Median-joining networks for inferring intraspecific phylogenies

Abstract
Reconstructing phylogenies from intraspecific data (such as human mitochondrial DNA variation) is often a challenging task because of large sample sizes and small genetic distances between individuals. The resulting multitude of plausible trees is best expressed by a network which displays alternative potential evolutionary paths in the form of cycles.
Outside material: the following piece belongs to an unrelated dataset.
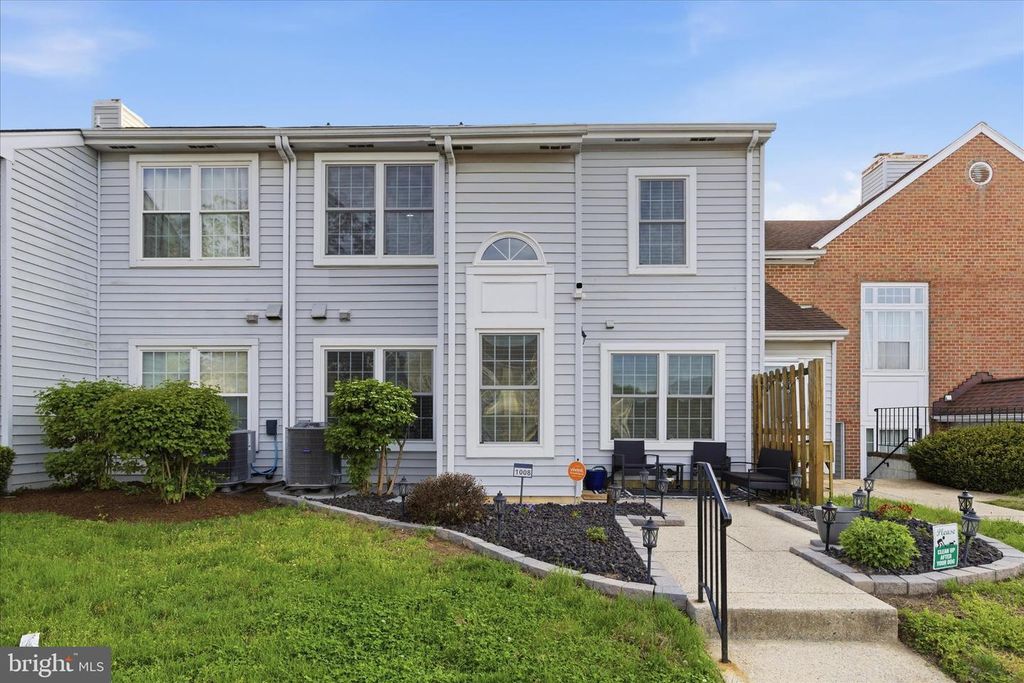 1008 SPRING VALLEY CT, Fort Washington, MD 20744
We present a method ("median joining" [MJ]) for constructing networks from recombination-free population data that combines features of Kruskal's algorithm for finding minimum spanning trees by favoring short connections, and Farris's maximum-parsimony (MP) heuristic algorithm, which sequentially adds new vertices called "median vectors", except that our MJ method does not resolve ties. The MJ method is hence closely related to the earlier approach of Foulds, Hendy, and Penny for estimating MP trees but can be adjusted to the level of homoplasy by setting a parameter epsilon. Unlike our earlier reduced median (RM) network method, MJ is applicable to multistate characters (e.g., amino acid sequences). An additional feature is the speed of the implemented algorithm: a sample of 800 worldwide mtDNA hypervariable segment I sequences requires less than 3 h on a Pentium 120 PC. The MJ method is demonstrated on a Tibetan mitochondrial DNA RFLP data set.